* Dataset section
++++
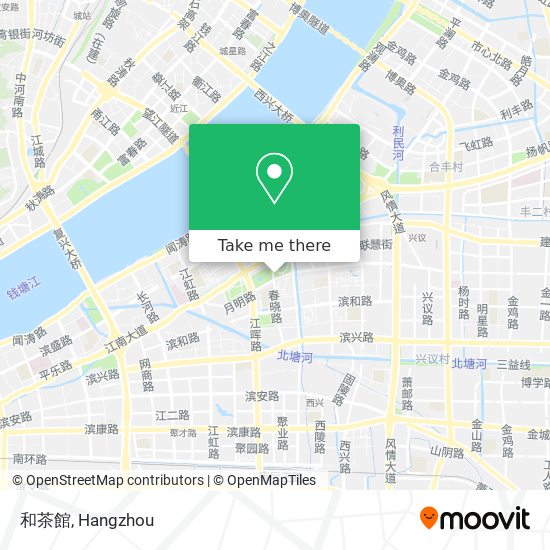 和茶館 map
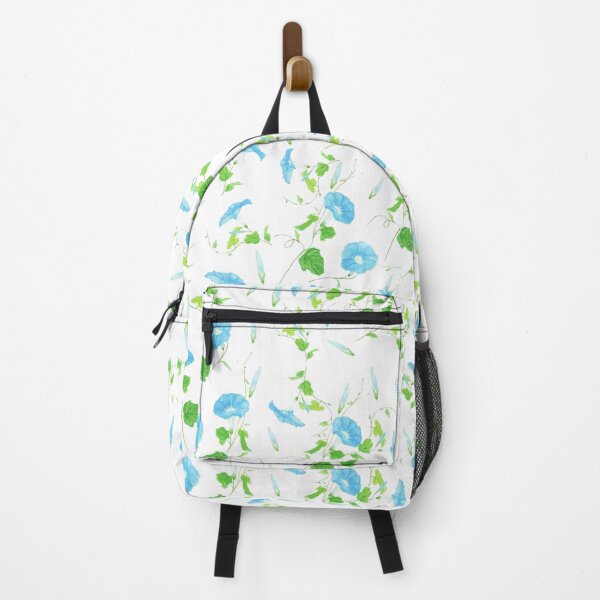 Item preview, blue morning glory flowers watercolor pattern hand painted  designed and sold by ColorandColor.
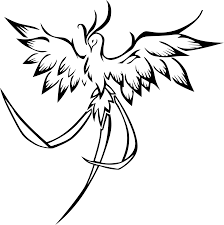624 free phoenix bird clipart in ai, svg, eps or psd. Phoenix Bird Line Art Icons Png Free Png And Icons Downloads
++++
* Task details
Retype all of the listing word for word and skip the pictures.

* Solution below
 和茶館 map
 Item preview, blue morning glory flowers watercolor pattern hand painted  designed and sold by ColorandColor.
624 free phoenix bird clipart in ai, svg, eps or psd. Phoenix Bird Line Art Icons Png Free Png And Icons Downloads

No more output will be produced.